Task statement: Nothing but the lines from the one containing "Оригинальное зарядное устройство" through the end of the data below should appear in the answer, each exact and free of pictures.

Task data:
****************

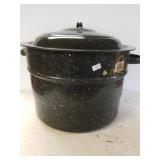 Black Speckled Large Roasting Pot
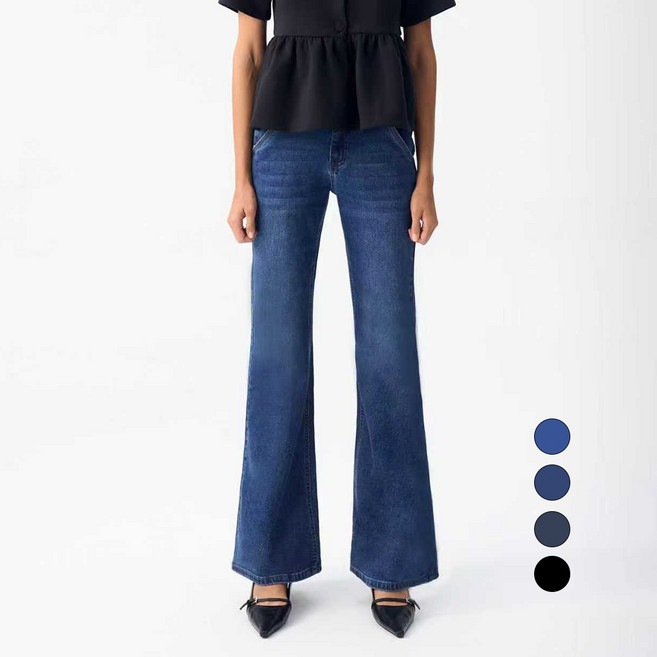 엘블로썸 여성 [숏 기본 롱] 스판 와이드 부츠컷 히든밴드 청바지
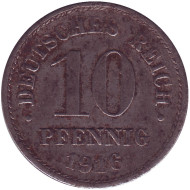 Монета 10 пфеннигов. 1916 (А) год, Германская империя. Магнитная. Монета 10 пфеннигов. 1916 (А) год, Германская империя. Магнитная.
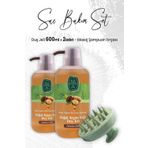 Eyüp Sabri Tuncer 2x600 ml Argan Yağlı Duş Jeli ve Yeşil Masaj Şampuan Fırçası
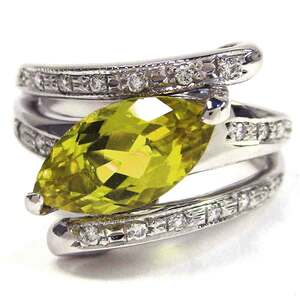  No-brand lady's ring yellow tourmaline diamond Pt900 used grade : recycle * finish settled sun ya pawnshop 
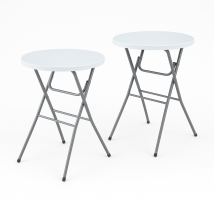 Garten Statafel – Set van 2 – Opklapbaar - stevig - Weersbestendig – Ø80 x 110 cm – Wit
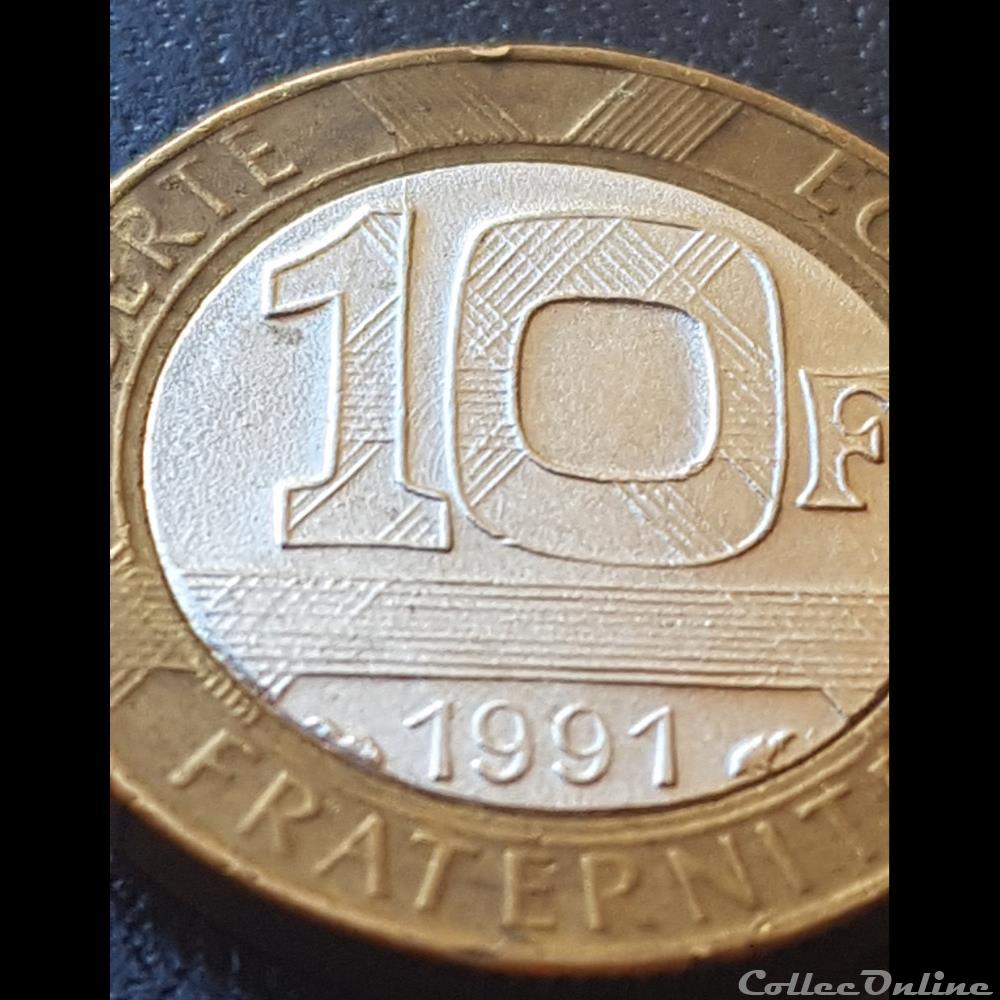monnaie france moderne 10fr genie 1991 faux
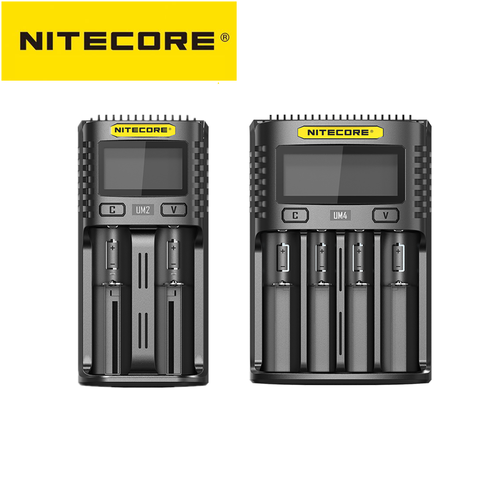 Оригинальное зарядное устройство Nitecore UM4 UM2 USB QC, зарядное устройство с интеллектуальной электронной схемой, глобальное страхование, li-ion AA AAA... ► Фото 1/6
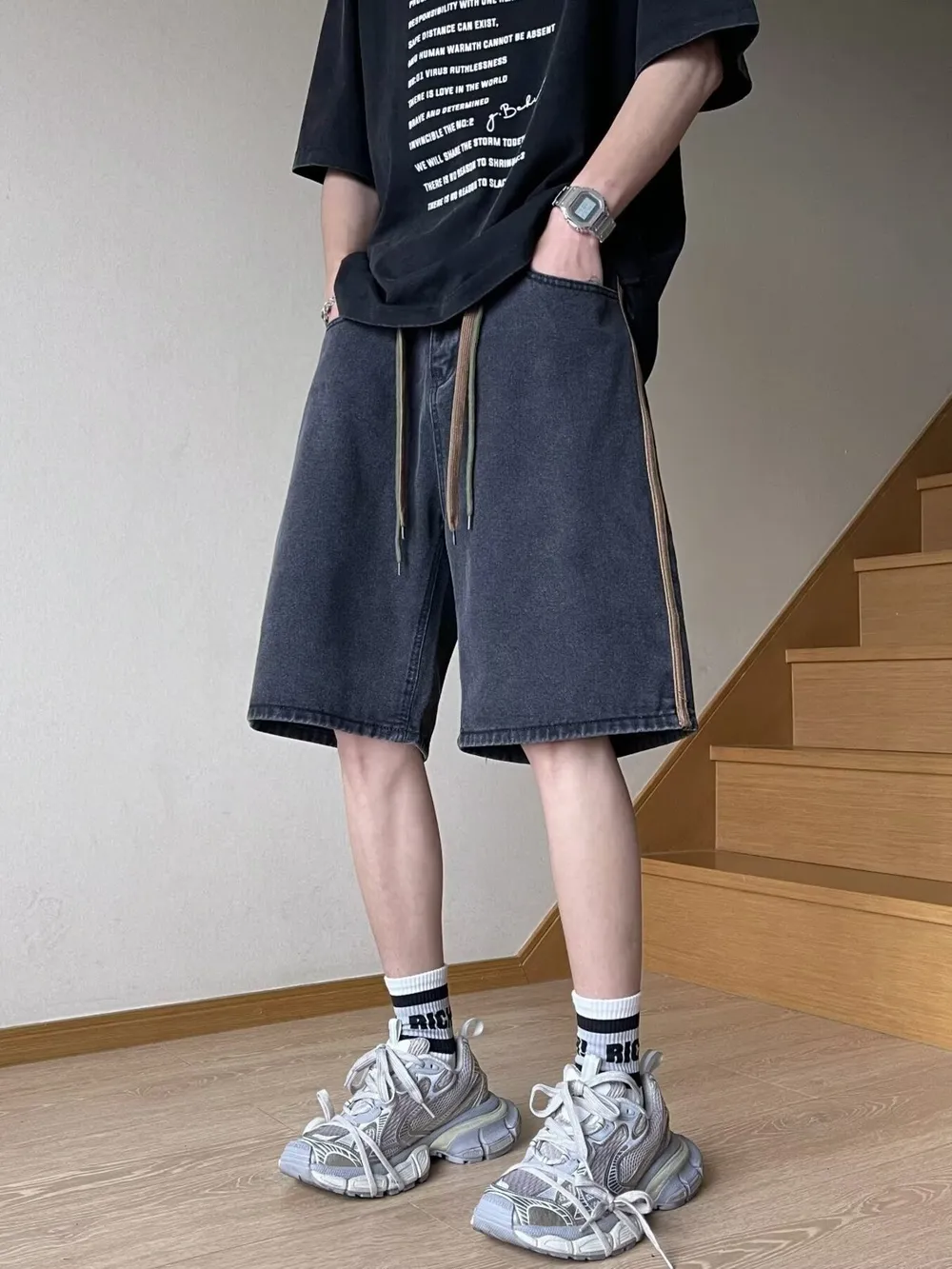 Men's Full Size Drawstring Wide-Leg Denim Shorts Plus Size, image 2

****************

Answer space:
 Оригинальное зарядное устройство Nitecore UM4 UM2 USB QC, зарядное устройство с интеллектуальной электронной схемой, глобальное страхование, li-ion AA AAA... ► Фото 1/6
 Men's Full Size Drawstring Wide-Leg Denim Shorts Plus Size, image 2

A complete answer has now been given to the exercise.